Go forward to Case-sensitivity.
Go backward to Regexp Usage.
Go up to Regexp.
Regular Expression Operators
----------------------------
You can combine regular expressions with the following characters,
called "regular expression operators", or "metacharacters", to increase
the power and versatility of regular expressions.
Here is a table of metacharacters. All characters not listed in the
table stand for themselves.
`^'
This matches the beginning of the string or the beginning of a line
within the string. For example:
^@chapter
matches the `@chapter' at the beginning of a string, and can be
used to identify chapter beginnings in Texinfo source files.
`$'
This is similar to `^', but it matches only at the end of a string
or the end of a line within the string. For example:
p$
matches a record that ends with a `p'.
`.'
This matches any single character except a newline. For example:
.P
matches any single character followed by a `P' in a string. Using
concatenation we can make regular expressions like `U.A', which
matches any three-character sequence that begins with `U' and ends
with `A'.
`[...]'
This is called a "character set". It matches any one of the
characters that are enclosed in the square brackets. For example:
[MVX]
matches any one of the characters `M', `V', or `X' in a string.

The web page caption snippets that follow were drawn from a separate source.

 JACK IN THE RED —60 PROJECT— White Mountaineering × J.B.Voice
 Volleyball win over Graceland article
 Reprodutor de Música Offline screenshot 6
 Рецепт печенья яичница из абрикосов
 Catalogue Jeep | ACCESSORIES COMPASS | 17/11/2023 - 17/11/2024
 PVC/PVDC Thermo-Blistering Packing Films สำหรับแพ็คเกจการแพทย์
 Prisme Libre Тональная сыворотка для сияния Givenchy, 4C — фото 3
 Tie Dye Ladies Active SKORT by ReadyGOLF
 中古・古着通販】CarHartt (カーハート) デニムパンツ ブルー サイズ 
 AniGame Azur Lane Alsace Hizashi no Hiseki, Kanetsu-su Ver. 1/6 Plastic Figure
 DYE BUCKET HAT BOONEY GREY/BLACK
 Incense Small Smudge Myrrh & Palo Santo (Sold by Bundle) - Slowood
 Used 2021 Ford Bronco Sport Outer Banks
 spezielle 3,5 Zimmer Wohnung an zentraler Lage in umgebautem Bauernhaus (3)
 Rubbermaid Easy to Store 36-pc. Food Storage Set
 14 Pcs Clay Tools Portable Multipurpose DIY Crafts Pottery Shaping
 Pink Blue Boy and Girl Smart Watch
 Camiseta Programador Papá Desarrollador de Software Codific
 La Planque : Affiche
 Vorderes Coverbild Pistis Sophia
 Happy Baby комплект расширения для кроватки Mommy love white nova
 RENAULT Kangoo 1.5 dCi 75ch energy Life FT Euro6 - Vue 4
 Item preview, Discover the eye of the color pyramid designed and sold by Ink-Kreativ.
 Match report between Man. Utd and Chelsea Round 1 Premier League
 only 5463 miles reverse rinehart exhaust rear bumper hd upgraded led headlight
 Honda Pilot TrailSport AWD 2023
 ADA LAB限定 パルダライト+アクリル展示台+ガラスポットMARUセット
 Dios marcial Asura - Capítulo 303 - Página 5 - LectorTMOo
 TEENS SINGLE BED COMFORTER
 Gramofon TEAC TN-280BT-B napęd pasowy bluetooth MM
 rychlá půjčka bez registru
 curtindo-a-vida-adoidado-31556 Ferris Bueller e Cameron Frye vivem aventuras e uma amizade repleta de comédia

Ranges of characters are indicated by using a hyphen between the
beginning and ending characters, and enclosing the whole thing in
brackets. For example:
[0-9]
matches any digit.
To include the character `\', `]', `-' or `^' in a character set,
put a `\' in front of it. For example:
[d\]]
matches either `d', or `]'.
This treatment of `\' is compatible with other `awk'
implementations, and is also mandated by the POSIX Command Language
and Utilities standard. The regular expressions in `awk' are a
superset of the POSIX specification for Extended Regular
Expressions (EREs). POSIX EREs are based on the regular
expressions accepted by the traditional `egrep' utility.
In `egrep' syntax, backslash is not syntactically special within
square brackets. This means that special tricks have to be used to
represent the characters `]', `-' and `^' as members of a
character set.
In `egrep' syntax, to match `-', write it as `---', which is a
range containing only `-'. You may also give `-' as the first or
last character in the set. To match `^', put it anywhere except
as the first character of a set. To match a `]', make it the
first character in the set. For example:
[]d^]
matches either `]', `d' or `^'.
`[^ ...]'
This is a "complemented character set". The first character after
the `[' *must* be a `^'. It matches any characters *except* those
in the square brackets (or newline). For example:
[^0-9]
matches any character that is not a digit.
`|'
This is the "alternation operator" and it is used to specify
alternatives. For example:
^P|[0-9]
matches any string that matches either `^P' or `[0-9]'. This
means it matches any string that contains a digit or starts with
`P'.
The alternation applies to the largest possible regexps on either
side.
`(...)'
Parentheses are used for grouping in regular expressions as in
arithmetic. They can be used to concatenate regular expressions
containing the alternation operator, `|'.
`*'
This symbol means that the preceding regular expression is to be
repeated as many times as possible to find a match. For example:
ph*
applies the `*' symbol to the preceding `h' and looks for matches
to one `p' followed by any number of `h's. This will also match
just `p' if no `h's are present.
The `*' repeats the *smallest* possible preceding expression.
(Use parentheses if you wish to repeat a larger expression.) It
finds as many repetitions as possible. For example:
awk '/\(c[ad][ad]*r x\)/ { print }' sample
prints every record in the input containing a string of the form
`(car x)', `(cdr x)', `(cadr x)', and so on.
`+'
This symbol is similar to `*', but the preceding expression must be
matched at least once. This means that:
wh+y
would match `why' and `whhy' but not `wy', whereas `wh*y' would
match all three of these strings. This is a simpler way of
writing the last `*' example:
awk '/\(c[ad]+r x\)/ { print }' sample
`?'
This symbol is similar to `*', but the preceding expression can be
matched once or not at all. For example:
fe?d
will match `fed' and `fd', but nothing else.
`\'
This is used to suppress the special meaning of a character when
matching. For example:
\$
matches the character `$'.
The escape sequences used for string constants (*note Constant
Expressions: Constants.) are valid in regular expressions as well;
they are also introduced by a `\'.
In regular expressions, the `*', `+', and `?' operators have the
highest precedence, followed by concatenation, and finally by `|'. As
in arithmetic, parentheses can change how operators are grouped.